FREMONT COUNTY, Wyo. — In a gas field here in Wyoming’s struggling energy corridor, nearly 2,000 miles from Washington, the Trump administration’s regulatory reversal is crowning an early champion.

Devon Energy, which runs the windswept site, had been prepared to install a sophisticated system to detect and reduce leaks of dangerous gases.

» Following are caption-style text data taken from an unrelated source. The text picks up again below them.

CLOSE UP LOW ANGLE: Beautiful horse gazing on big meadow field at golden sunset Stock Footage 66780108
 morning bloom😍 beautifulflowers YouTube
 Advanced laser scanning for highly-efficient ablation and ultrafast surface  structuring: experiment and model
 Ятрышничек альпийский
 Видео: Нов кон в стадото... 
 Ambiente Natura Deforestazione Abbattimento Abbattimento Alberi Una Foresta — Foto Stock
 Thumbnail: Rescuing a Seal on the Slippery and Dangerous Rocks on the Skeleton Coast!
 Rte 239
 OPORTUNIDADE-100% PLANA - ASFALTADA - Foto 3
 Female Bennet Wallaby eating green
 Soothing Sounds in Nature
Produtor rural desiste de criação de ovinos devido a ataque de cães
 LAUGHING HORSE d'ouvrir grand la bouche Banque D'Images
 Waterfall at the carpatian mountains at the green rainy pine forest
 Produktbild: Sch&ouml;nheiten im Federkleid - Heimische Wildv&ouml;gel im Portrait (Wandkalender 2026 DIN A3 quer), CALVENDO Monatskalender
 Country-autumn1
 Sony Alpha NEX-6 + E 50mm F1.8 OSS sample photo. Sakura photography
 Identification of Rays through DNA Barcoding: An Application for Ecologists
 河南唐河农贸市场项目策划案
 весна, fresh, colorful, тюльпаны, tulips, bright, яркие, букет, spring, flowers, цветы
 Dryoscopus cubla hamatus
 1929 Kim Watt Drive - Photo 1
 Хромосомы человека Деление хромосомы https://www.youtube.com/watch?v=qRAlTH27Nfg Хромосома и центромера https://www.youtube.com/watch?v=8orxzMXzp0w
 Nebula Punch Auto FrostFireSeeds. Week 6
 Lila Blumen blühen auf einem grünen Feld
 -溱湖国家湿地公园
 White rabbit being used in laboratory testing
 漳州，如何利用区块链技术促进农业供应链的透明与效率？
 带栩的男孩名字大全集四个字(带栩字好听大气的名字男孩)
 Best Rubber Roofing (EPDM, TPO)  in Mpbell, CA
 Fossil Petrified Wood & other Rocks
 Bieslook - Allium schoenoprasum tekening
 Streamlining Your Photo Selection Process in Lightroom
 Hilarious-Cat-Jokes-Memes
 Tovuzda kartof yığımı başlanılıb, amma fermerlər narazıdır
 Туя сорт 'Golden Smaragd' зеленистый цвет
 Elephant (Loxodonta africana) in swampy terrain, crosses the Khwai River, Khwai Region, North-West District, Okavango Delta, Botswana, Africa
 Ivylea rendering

It had also discussed paying a six-figure penalty to settle claims by the Obama administration that it was illegally emitting 80 tons each year of hazardous chemicals, like benzene, a known carcinogen.

But something changed in February just five days after Scott Pruitt, the former Oklahoma attorney general with close ties to Devon, was sworn in as the head of the Environmental Protection Agency.

Devon, in a letter dated Feb. 22 and obtained by The New York Times, said it was “re-evaluating its settlement posture.” It no longer intended to move ahead with the extensive emissions-control system, second-guessing the E.P.A.’s estimates on the size of the violation, and it was now willing to pay closer to $25,000 to end the three-year-old federal investigation.

Devon’s pushback, coming amid an effort to ease a broad array of federal environmental rules, is the first known example under the Trump administration of an accused polluter — which has admitted violating the law — backing away from a proposed environmental settlement. It is already being hailed by other independent energy companies as a template for the future.

“Not in our wildest dreams, never did we expect to get everything,” said Kathleen Sgamma, president of Western Energy Alliance, a Denver-based association of independent oil and gas companies. “We were kind of used to getting punished.”